To our knowledge this is the largest and most comprehensive study to evaluate the associations of baseline serum leptin and adiponectin with rates of BMD change. In women, higher adiponectin levels predicted greater hip aBMD loss independent of age, race, BMI, diabetes, baseline BMD, and weight change. The effect of leptin on hip aBMD loss in women was largely explained by weight change. Among men, neither leptin nor adiponectin were associated with rates of hip aBMD change. Leptin and adiponectin levels were not associated with whole body aBMD or trabecular lumbar spine vBMD change.
Higher adiponectin levels were associated with greater hip aBMD loss in women, but not men. There have been several cross-sectional studies that have reported that adiponectin is inversely associated with BMD.27,28,33
. Three prospective studies found an inverse association between adiponectin and BMD.15,29,30
The study in Estonia reported that higher adiponectin was associated with higher lumbar spine aBMD loss.15
However, their study did not control for measures of adiposity. The Swedish longitudinal study reported that higher adiponectin (measured on average 12 years before BMD) was associated with lower aBMD of lumbar spine, proximal femur, and whole body in older men and women.29
However, this study did not adjust for BMI or body composition measures and failed to assess longitudinal change in BMD over time. Finally the Rancho Bernardo Study found that an inverse association between adiponectin (measured on average 4 years before BMD) and femoral neck, total hip, and radial aBMD in women and men.16
However, adiponectin was not associated with bone change in the Rancho Bernardo Study at any of these sites in men or women.
A recent study showed that recombinant adiponectin induced RANKL and inhibited OPG mRNA expression in human osteoblasts in a dose and time dependent manner leading to osteoclast formation.24
The observation that the rate of bone loss was higher with greater levels of adiponectin may reflect greater osteoclast activation and bone resorption. Population based longitudinal studies evaluating the association of adiponectin and markers of bone turnover are needed.
We found no association between leptin and changes in hip, whole body, and trabecular lumbar spine BMD. After adjusting for weight change, the association between leptin and hip aBMD change was no longer significant in women. Also, the association between leptin and whole body aBMD (in women) change was confounded by site, NSAID use, lean mass, and baseline whole body aBMD. In men, the association of leptin with hip and whole body aBMD change was largely explained by BMI. Prior cross-sectional reports have shown that leptin is positively associated with BMD11,13,33–35
. Few studies have assessed the association between leptin and BMD longitudinally.15,16
The twelve month prospective study in Estonia among 35 women mean age 69.7 years, reported that higher leptin was correlated with lower loss of whole body aBMD.15
However, this study did not adjust for measures of adiposity. The Rancho Bernardo Study found that leptin (measured on average 4 years before the BMD measurement) predicted higher femoral neck, total hip, lumbar spine, and radial aBMD in women but not men. However, consistent with our findings, they failed to find an association between leptin and hip aBMD change over 4 years.

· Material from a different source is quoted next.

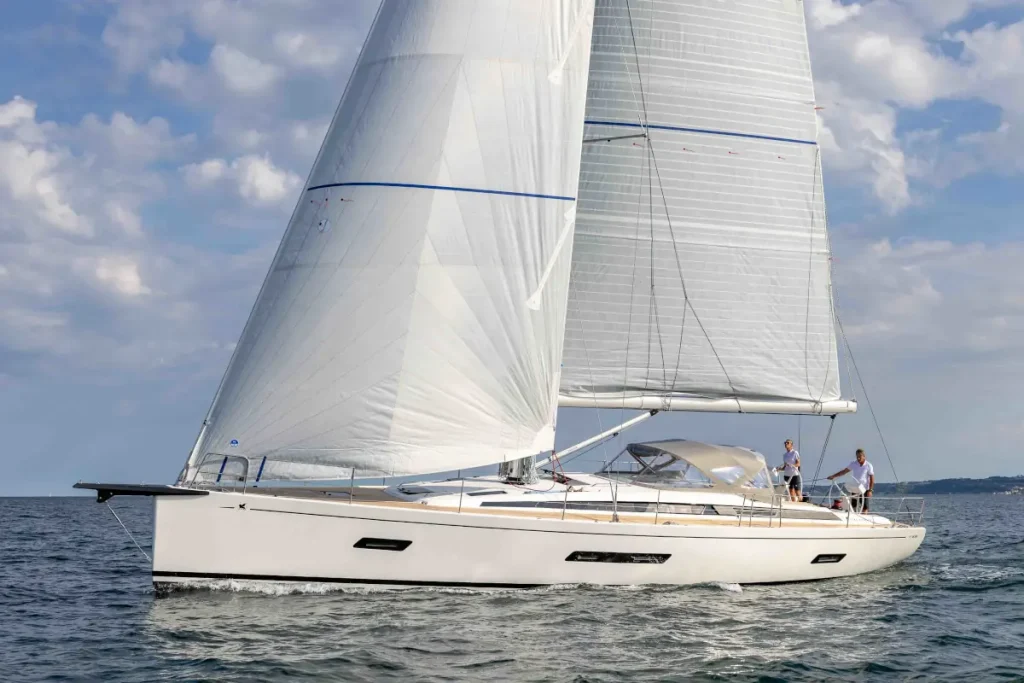 iy-1698-bellissima-esterni-01-italia-yachts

We previously reported a roughly two-fold risk in incident fractures among men in the top tertile for adiponectin.36
Thus, it is unclear why the association of adiponectin with hip aBMD change was confined to women. The annual rate of hip aBMD loss in men was approximately 0.15 percentage points higher in the top quartile of adiponectin compared to the medium and low tertiles; however there was no statistical trend or difference by groups. Adiponectin was 40% higher in women compared to men, despite greater body fat in women. However, it is uncertain if sex differences in adiponectin account for these differential associations. Consistent with our findings, a previous study in mice showed that there was a stronger inverse correlation for adiponectin and bone mass in female mice compared to male mice.37
The association between adiponectin and bone may be influenced by sex hormones.30
Future prospective studies that control for sex hormones are needed.

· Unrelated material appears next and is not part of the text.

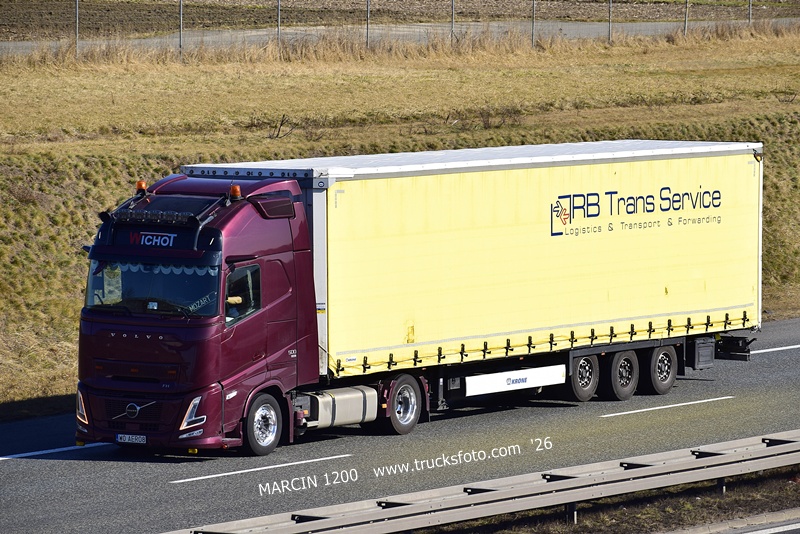 _DSC2276 WICHOT-crop-VOLVO FH AERO.JPG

Strengths of this study include a large sample size, reliable ascertainment of exposures and outcomes, adjustment for many potential confounders, long follow-up period, and multiple time points for assessment of hip and whole body aBMD data. Nevertheless, our study has several limitations. We measured leptin and adiponectin at baseline only and could not account for changes in over time. Also, trabecular lumbar spine vBMD was only measured in the Pittsburgh cohort and at two time points; thus power is potentially an issue in this particular analysis. In addition, survival bias may impact our findings because healthier individuals with higher baseline BMD are more likely to have to have a repeat BMD measurement.38
However, there were no significant differences in baseline leptin or adiponectin among participants who died or remained alive, and among those that did or did not return for a follow-up. Finally, we adjusted for many covariates, but lacked sufficient data to adjust for insulin (a hormone associated with leptin and adiponectin) and bone markers (i.e., osteocalcin, PINP, or CTX) which are related to BMD and body weight.
In summary, in a large cohort of older adults, higher adiponectin was associated with greater annual hip aBMD loss in women only; supporting evidence that adiponectin may have an important role in bone health. Identification of potential mediators in the causal pathway may better explain these findings.